And I point out that this is not an issue for cytoplasmic RNA viruses
like influenza which, of course, is what we're discussing today in the context
of the MDCK cells. And in some cases
inactivation of the viral vaccine would certainly eliminate this concern as
well.
There
are other potential concerns about the use of neoplastic or tumorigenic cells,
which I'm just describing on this slide and these are in general considered to
be much less likely.

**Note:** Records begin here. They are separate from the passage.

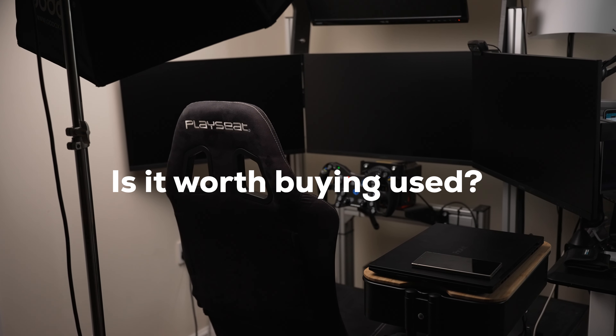Should you risk buying used sim racing gear? Here are some of my takeaways from my personal experience buying almost exclusively secondhand stuff over the past five years.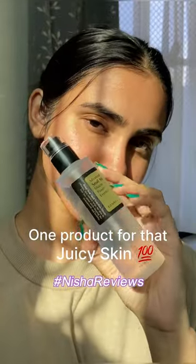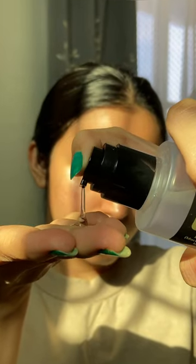I know I'm very late to review this but this is what my skin looks like without any makeup and I used this product for three weeks straight. I can surely say that this worked for my skin and it made my skin look more juicy, plumpy and so good, so hydrated.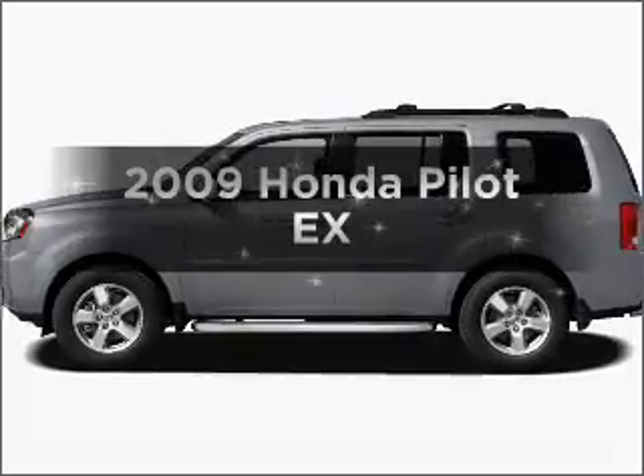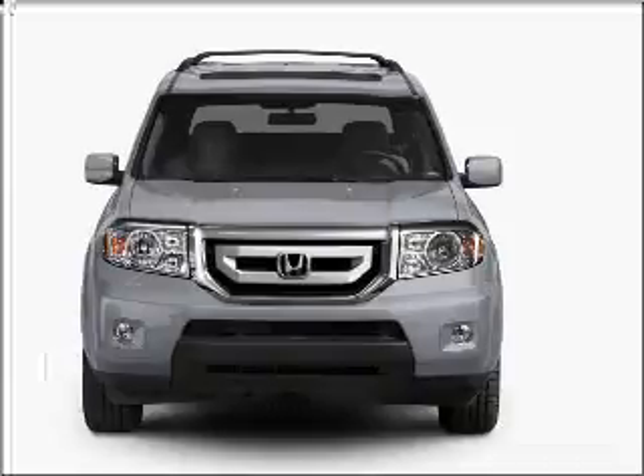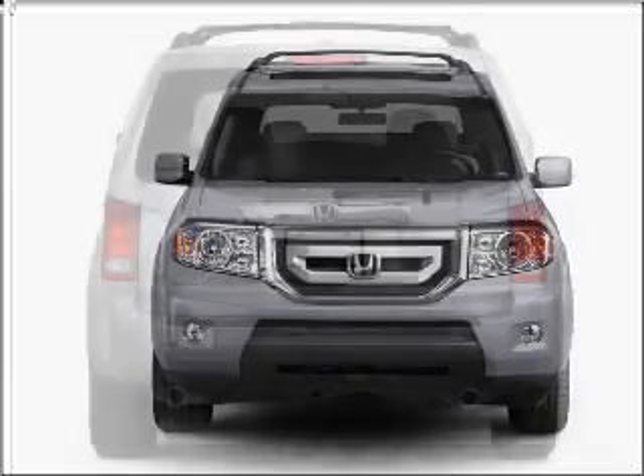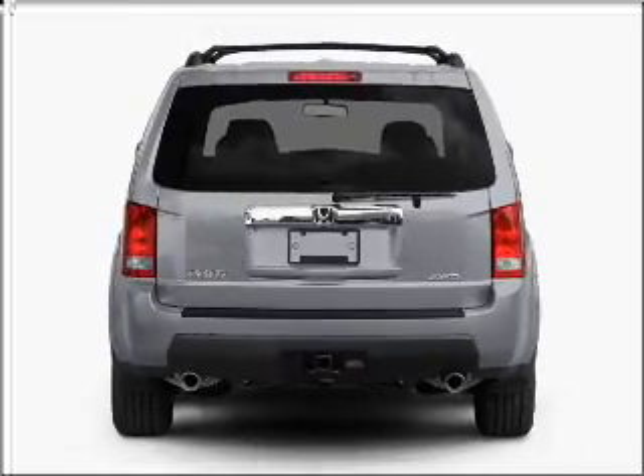Imagine yourself in this 2009 Honda Pilot. If you're looking for an automobile with great attributes, look no further. With a solid six-cylinder engine that responds smoothly to its five-speed automatic transmission, stand out from the crowd with premium wheels.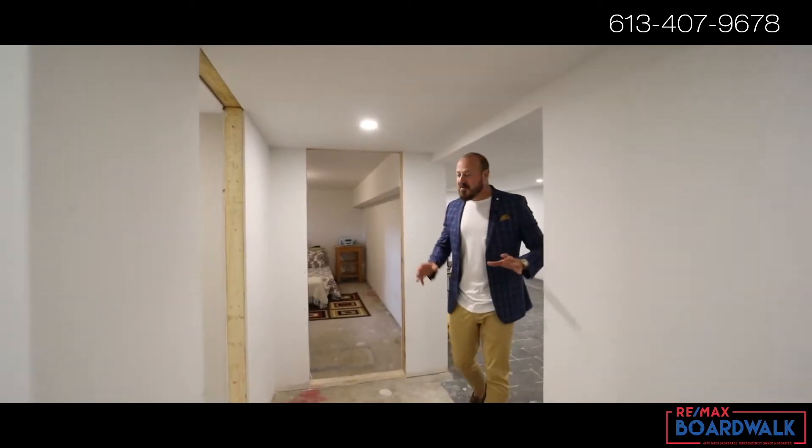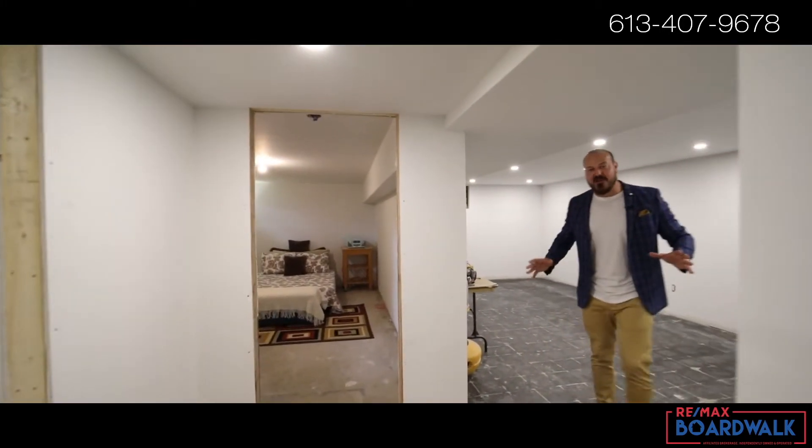This mostly finished lower level features a three-piece bathroom and is the perfect blank canvas for all of your basement dreams.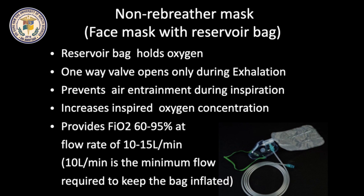Non-rebreather face mask has a reservoir bag which holds oxygen. The ports on both sides of the nose have a one-way valve, which opens only during exhalation and prevents air entrainment during inspiration. This increases inspired oxygen concentration. 60-95% of oxygen can be delivered with a flow rate of 10-15 liters per minute.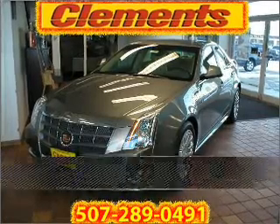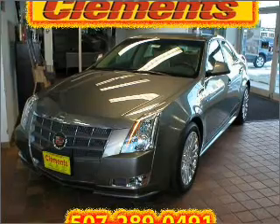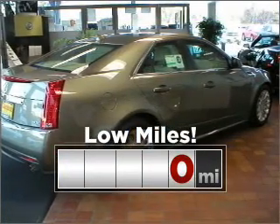Stand out in this 2011 Cadillac. Your search stops here with this ideal auto. Purchasing this low mileage vehicle is a smart choice for the long term.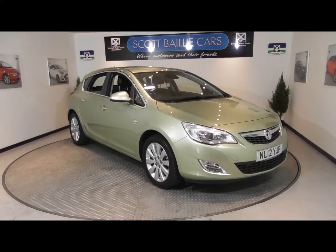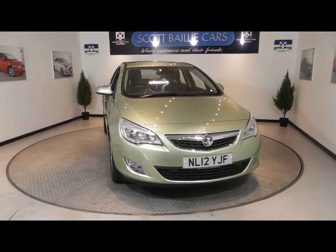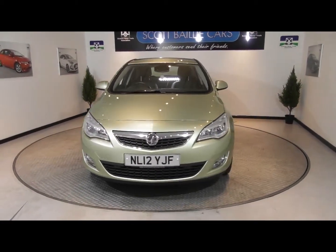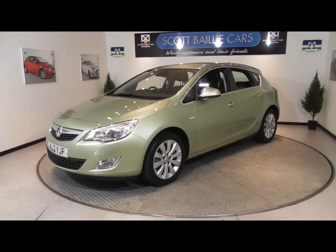Welcome to our video of this immaculate 2012 Vauxhall Astra Elite. This 2-litre turbodiesel has over four and a half thousand pounds worth of factory fitted extras and a full service history, last carried out at 46,000 miles.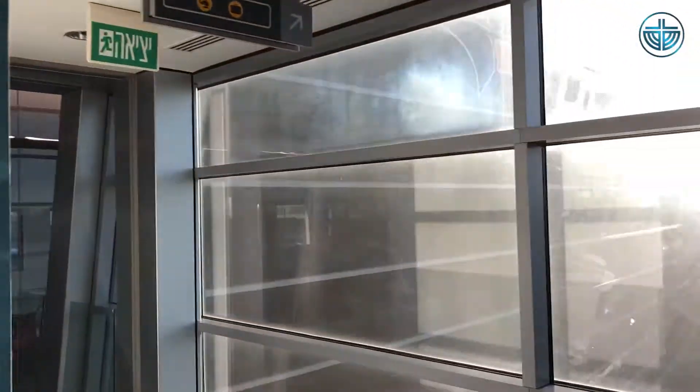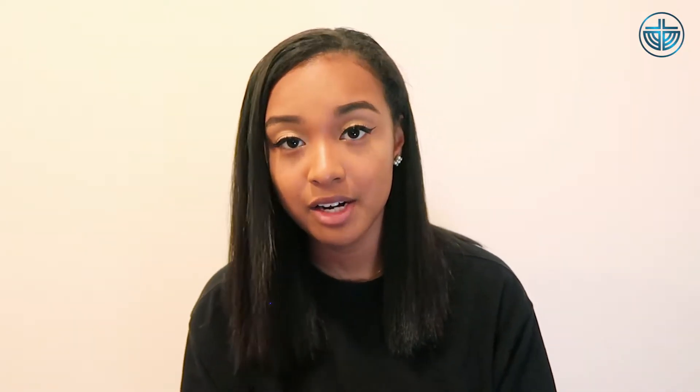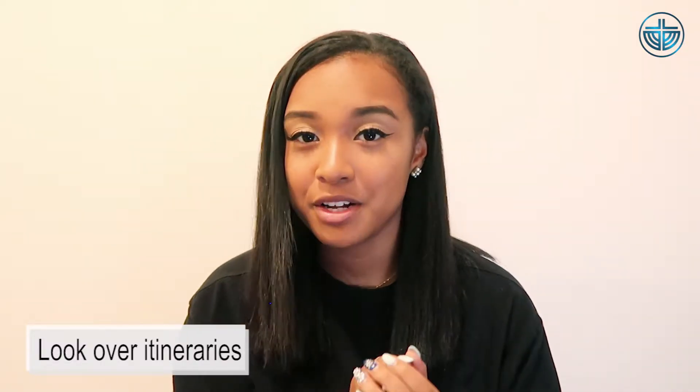After you get off the plane, you'll be able to finally stretch your legs in a moderately long walk to passport control. At passport control, the lines will break off into Israeli citizens and non-citizens. Prior to going up to the passport control window, I highly recommend looking over your itineraries so that you have information on your schedule for the next few days and your contact and hotel information as well to give them if they ask for it.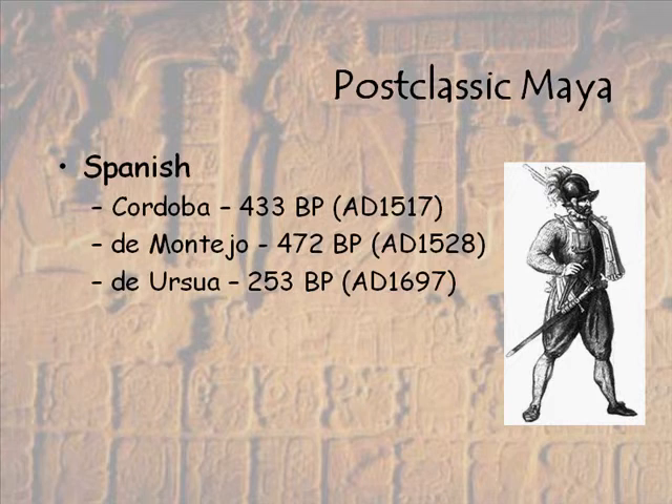At the time of the Spanish arrival, we still have quite a few Maya living in these small polities. The first of the conquistadors to arrive was Cordoba, in 433 BP, or AD 1517. He could not defeat the Maya and was run out. It's not until 1528 that de Montejo returns and successfully defeats many of the Yucatec Maya. But the last Mayan stronghold is in the Peten region of Guatemala, in Lake Peten Itza. There were nobles from Chichen Itza who had fled to the area and built a smaller city on an island, which is where the town of Flores is now in Guatemala. It helped to isolate and protect them, but eventually they did fall in 1697.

And there is,
however, the idea that some other mechanism, for instance oncogenic proteins,
RNAs or some other factor that could induce a heritable epigenetic change that
is associated with immortalization or tumorigenicity of a cell substrate, could
present a risk to the recipient of a vaccine manufactured in tumorigenic cells.
And
this issue has been addressed to date by the scientific consensus that such
other mechanisms are very unlikely, by the use only of weakly tumorigenic
cells, as well as by in vivo testing of cell lysates to make sure that these
kinds of elements are not present in vaccines.
There
is also the concern as we move toward the use of tumorigenic cells that our
previously used tumorigenicity assays may not adequately define the tumorigenic
phenotype or the risk associated with the use of tumorigenic cells, and Dr.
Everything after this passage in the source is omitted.